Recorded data
═══

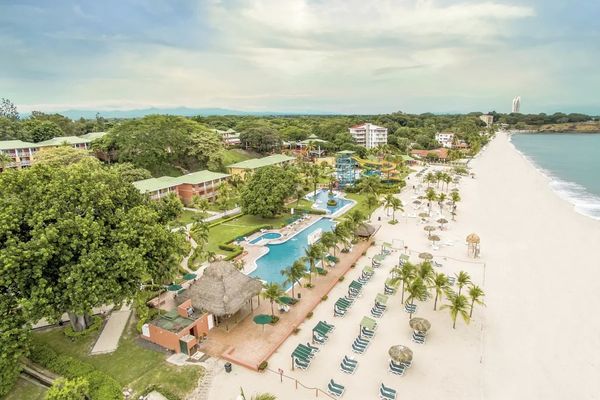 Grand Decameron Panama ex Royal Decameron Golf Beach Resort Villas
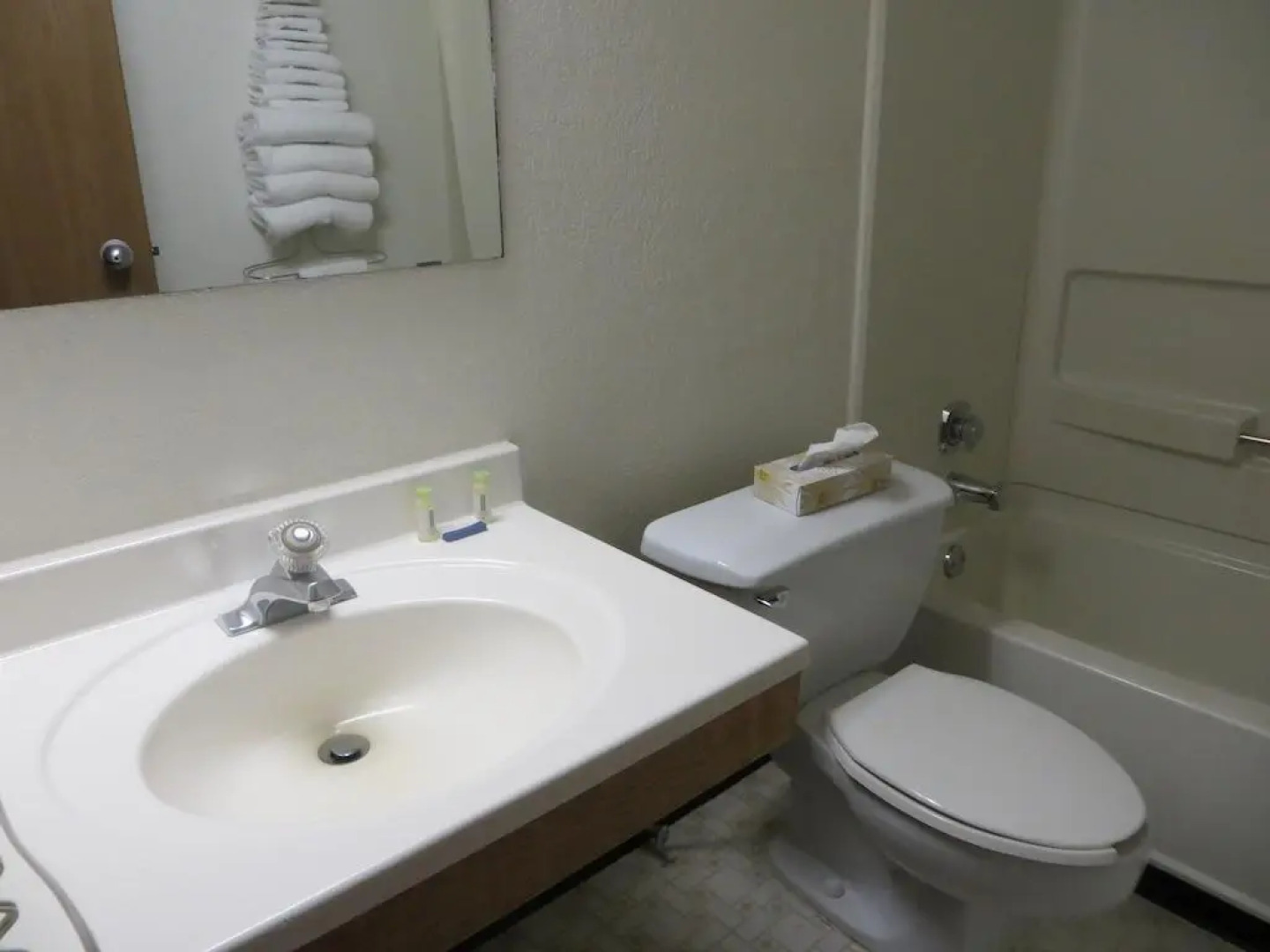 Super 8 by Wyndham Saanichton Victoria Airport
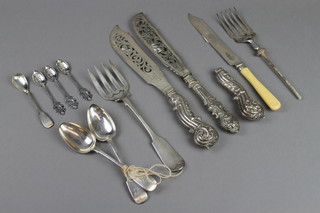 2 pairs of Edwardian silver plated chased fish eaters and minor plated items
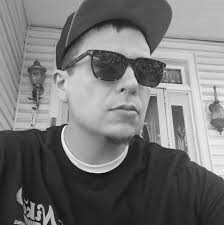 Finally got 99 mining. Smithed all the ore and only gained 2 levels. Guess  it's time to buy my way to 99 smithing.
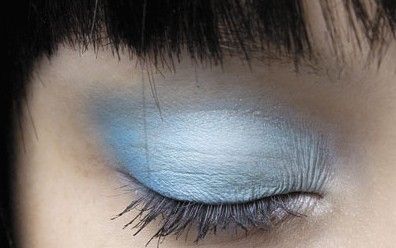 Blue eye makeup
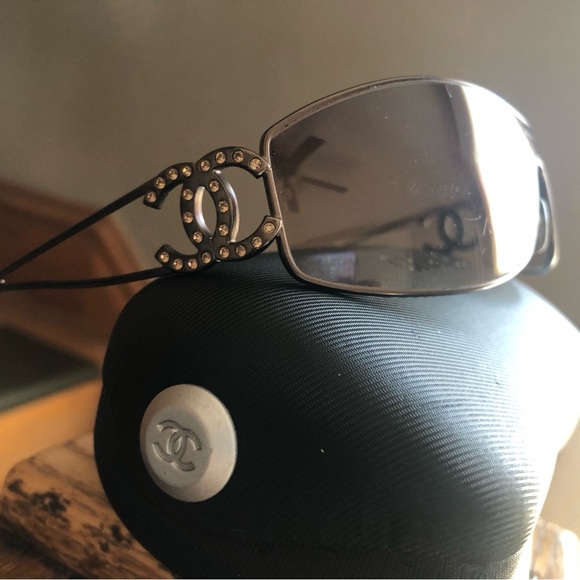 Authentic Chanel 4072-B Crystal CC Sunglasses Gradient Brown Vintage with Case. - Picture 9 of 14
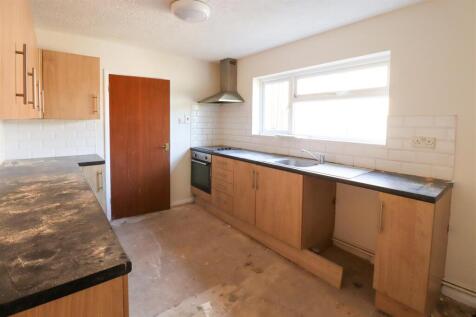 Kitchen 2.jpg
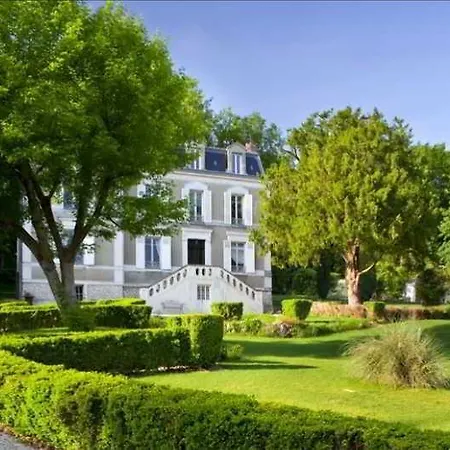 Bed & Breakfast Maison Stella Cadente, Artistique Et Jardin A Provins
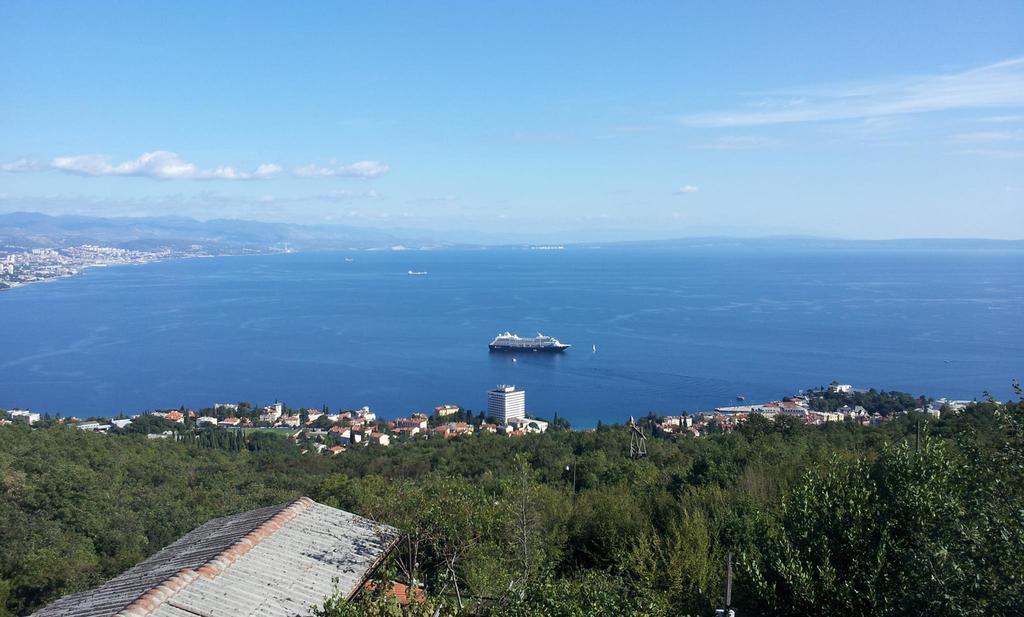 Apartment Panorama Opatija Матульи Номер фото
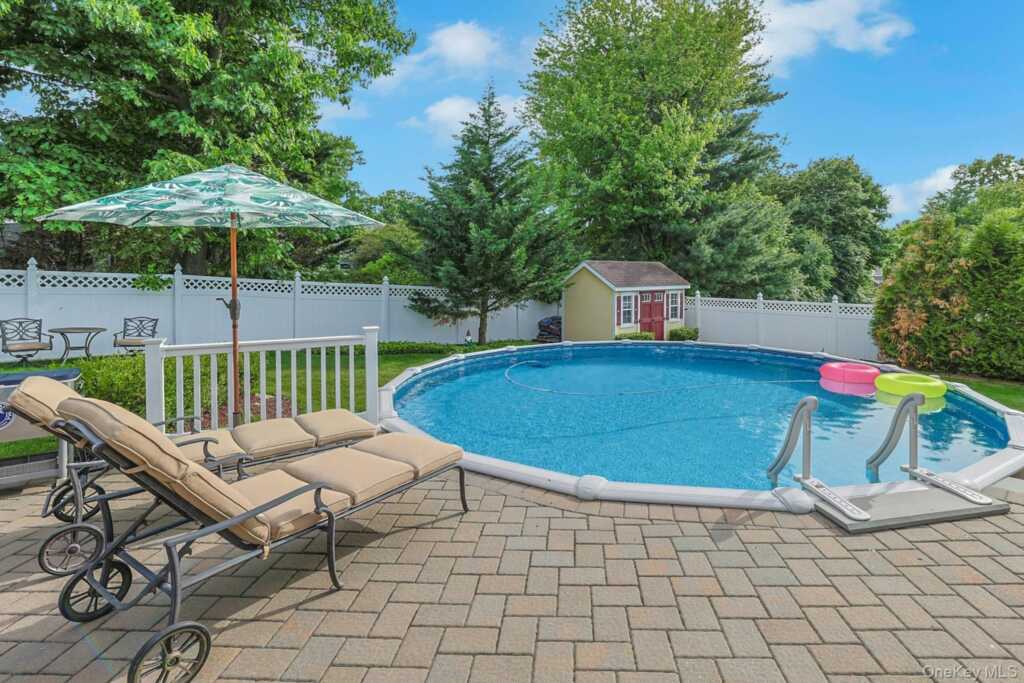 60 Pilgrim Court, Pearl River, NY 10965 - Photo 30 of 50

═══

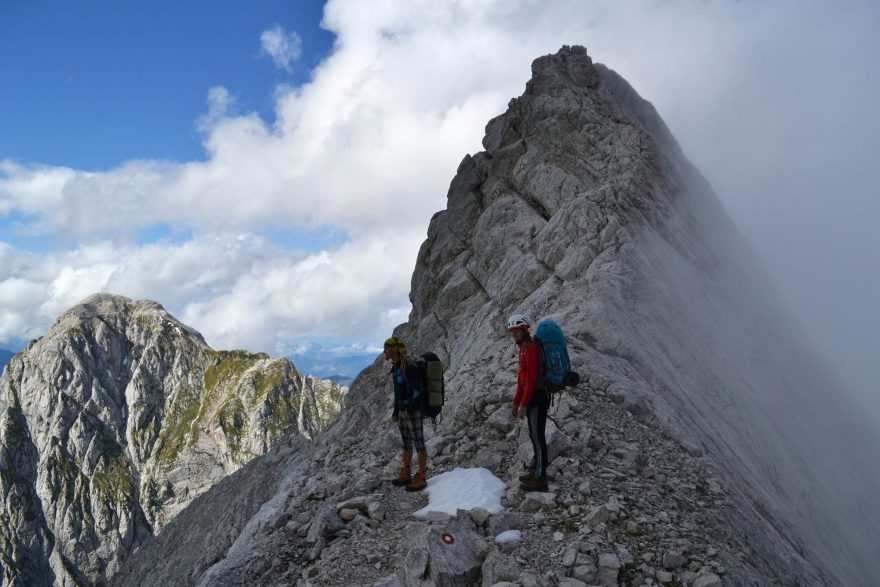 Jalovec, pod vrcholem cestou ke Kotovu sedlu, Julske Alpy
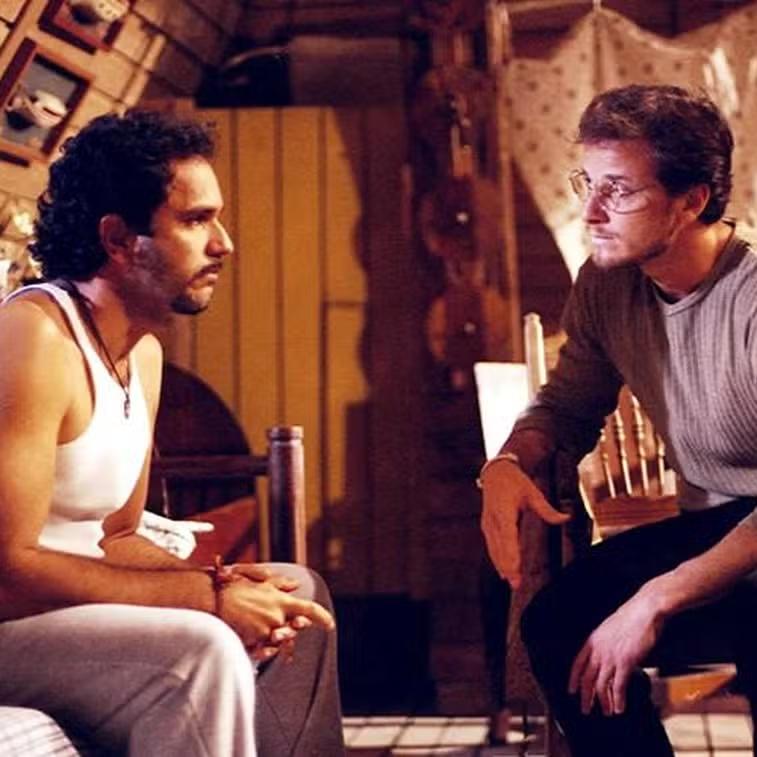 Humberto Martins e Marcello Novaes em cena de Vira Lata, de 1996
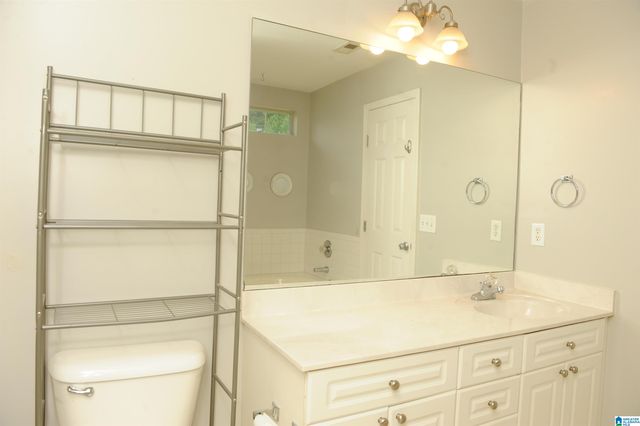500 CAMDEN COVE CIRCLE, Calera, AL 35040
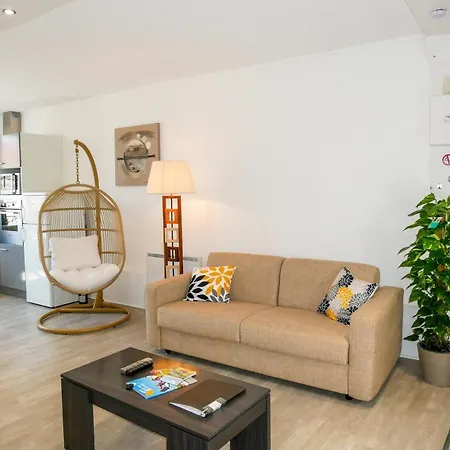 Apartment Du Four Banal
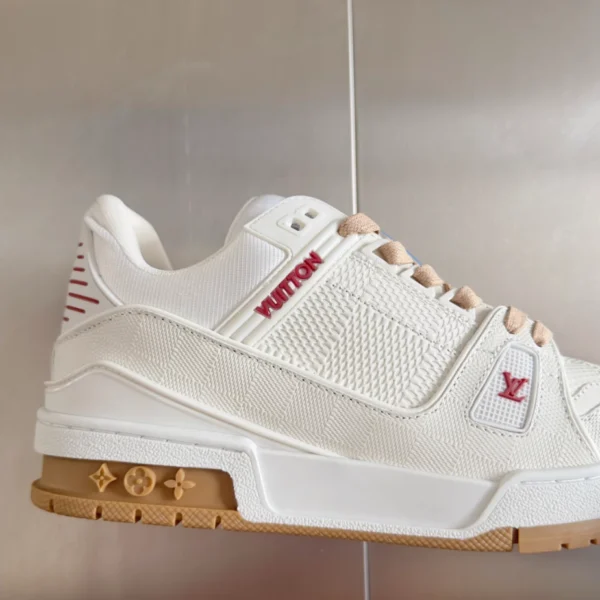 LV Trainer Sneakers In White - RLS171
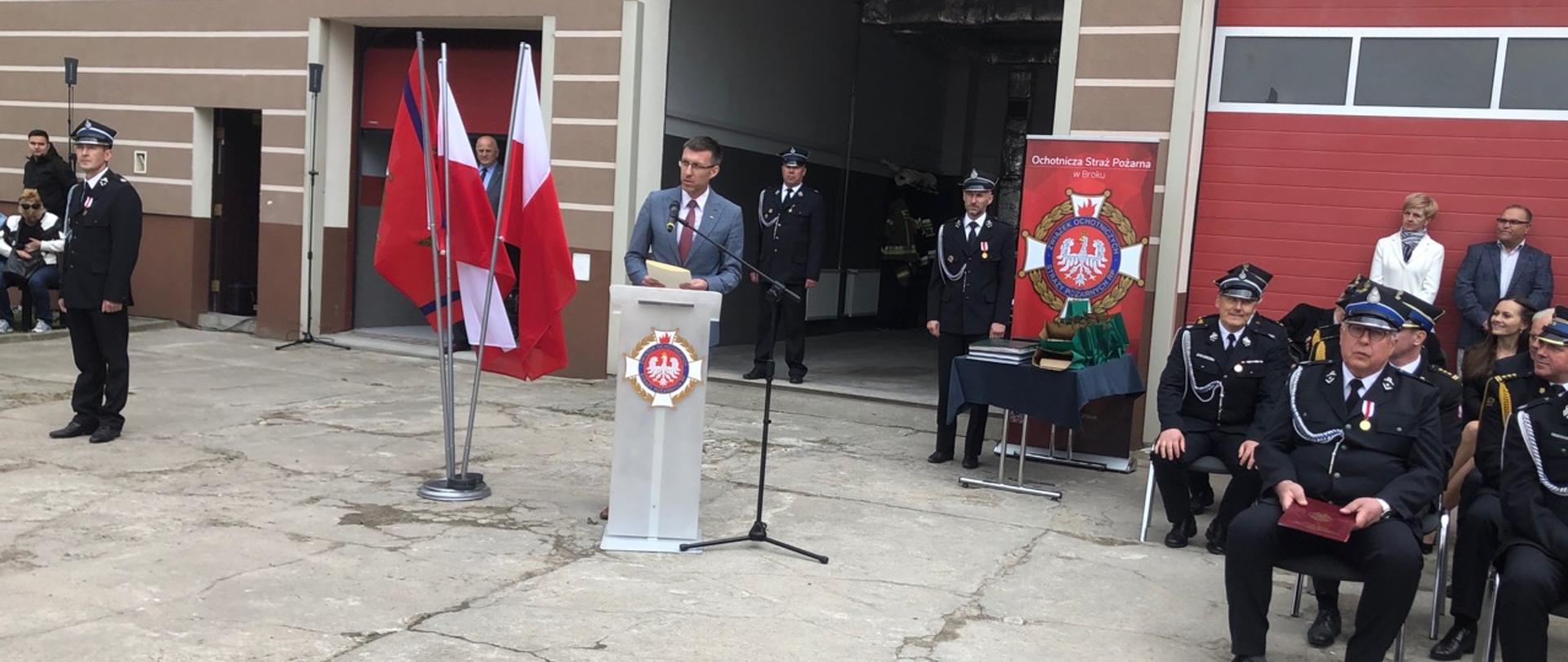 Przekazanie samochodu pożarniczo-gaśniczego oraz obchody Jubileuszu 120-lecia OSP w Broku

═══

**Problem:**
Among the entries above, locate the line with "2 pairs of Edwardian" and the line with "Kitchen 2.jpg". Give those two lines and all lines between them again, exactly, leaving out the pictures.

**Answer for this exercise:**
 2 pairs of Edwardian silver plated chased fish eaters and minor plated items
 Finally got 99 mining. Smithed all the ore and only gained 2 levels. Guess  it's time to buy my way to 99 smithing.
 Blue eye makeup
 Authentic Chanel 4072-B Crystal CC Sunglasses Gradient Brown Vintage with Case. - Picture 9 of 14
 Kitchen 2.jpg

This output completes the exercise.